Es cierto que las desgracias unen, pero también es cierto que algunas desgracias unen más que otras. La desgracia de los 33 mineros chilenos atrapados en un precario refugio sin luz natural ni aire fresco, a 700 metros de profundidad, sin duda ha unido más que cualquier otra a todas las personas de cualquier nacionalidad que, al menos por un momento, repararon en la angustia que puede significar estar en esa dramática situación e incluso en la de sus familiares y amigos, pendientes del desenlace en el puesto de avanzada que, durante 69 días de zozobra, desde anteanoche hizo honor a su nombre: campamento Esperanza.
El histórico y conmovedor rescate de los mineros, uno a uno en el tiempo necesario para llevarlos a la superficie, resultó ser un tributo a la mejor acepción de la palabra "unidad".

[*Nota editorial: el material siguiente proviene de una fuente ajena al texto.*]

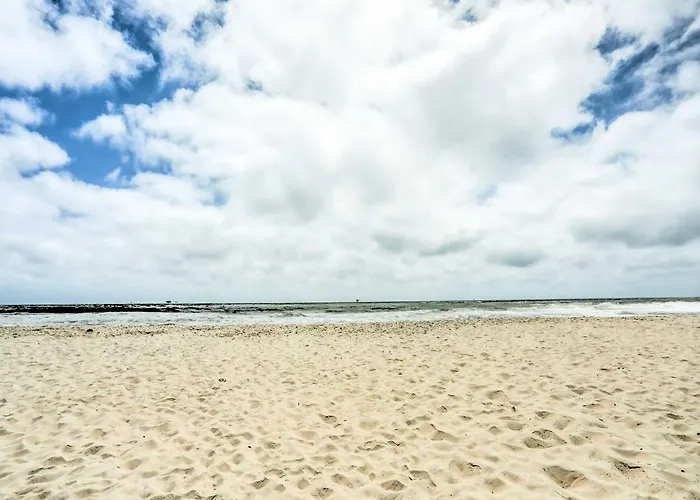 Holiday home Walk To Beach! Family W/ Deck Gulf Shores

Tanto ellos, organizados durante los 17 días en los cuales tuvieron que racionar los víveres disponibles para sólo tres jornadas y alimentarse con apenas dos cucharadas de atún, como el presidente de Chile, Sebastián Piñera, y toda la sociedad, sin distinción de banderías políticas o clases sociales, demostraron ser tan sólidos como la roca al hablar con una sola voz y, sin fisuras, lograr que los mineros retornaran sanos y salvos a la superficie.

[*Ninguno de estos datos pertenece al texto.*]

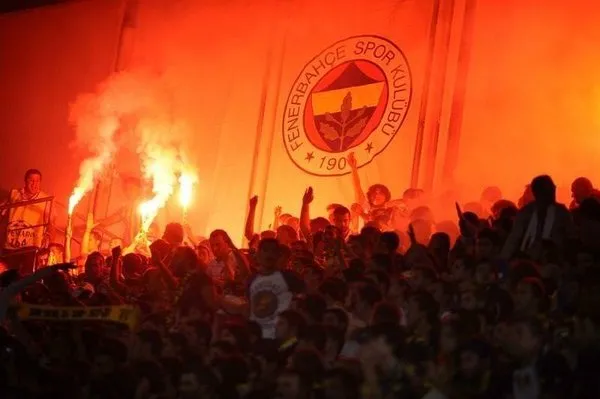 Fenerbahçe tribünleri erkeği unuttu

Era una empresa mayor, colosal, imposible de medir en mezquinos términos políticos. En Chile, el orgullo nacional quedó inscripto en su mero nombre, grabado en la cápsula Fénix 2, y en su bandera, desplegada en el refugio y en la superficie como la salvaguarda común de esos hombres bravos que, puro coraje, supieron organizarse para no desesperarse y contenerse para no dispersarse.
Primó entre ellos la confianza, más allá de los lógicos y comprensibles arranques de furia y desesperación que pudieron haber sufrido. Ese papelito que sacudió al mundo con la primera señal de vida de los 33 dejó en evidencia hasta qué punto el ser humano es capaz de soportar condiciones adversas en su afán de sobrevivir.
Ningún país necesita una prueba de fuego semejante para que un presidente nuevo como Piñera, desentendido de la seguidilla de gobiernos socialistas y democristianos de la Concertación que dominaron La Moneda desde el final de la dictadura militar y de otros que se precian de ser "progresistas", se calzara el casco y, firme al lado del hoyo del cual iban a volver a la vida los mineros, confiara en fundirse en abrazos con ellos hasta que se selle en forma definitiva esa trampa mortal que dejó al desnudo la precariedad laboral que muchas veces es pública y notoria en América latina.
Los 33 y otros 300 que trabajaban en la mina San José llevaban dos meses sin cobrar; sus salarios no alcanzaban los mil dólares mensuales.
Desde hace más de una semana ondean banderas de Chile en Copiapó. El país presentía que el desenlace iba a ser feliz y que los rescatistas, así como quienes condujeron el complejo operativo, iban a convertirse en algo así como héroes nacionales. No da envidia. Despierta admiración y, en el fondo, nostalgia: ¿cuánto hace que los argentinos no nos enorgullecemos de nosotros mismos como sociedad en lugar de vanagloriarnos por el crédito de un polo o un sector en particular?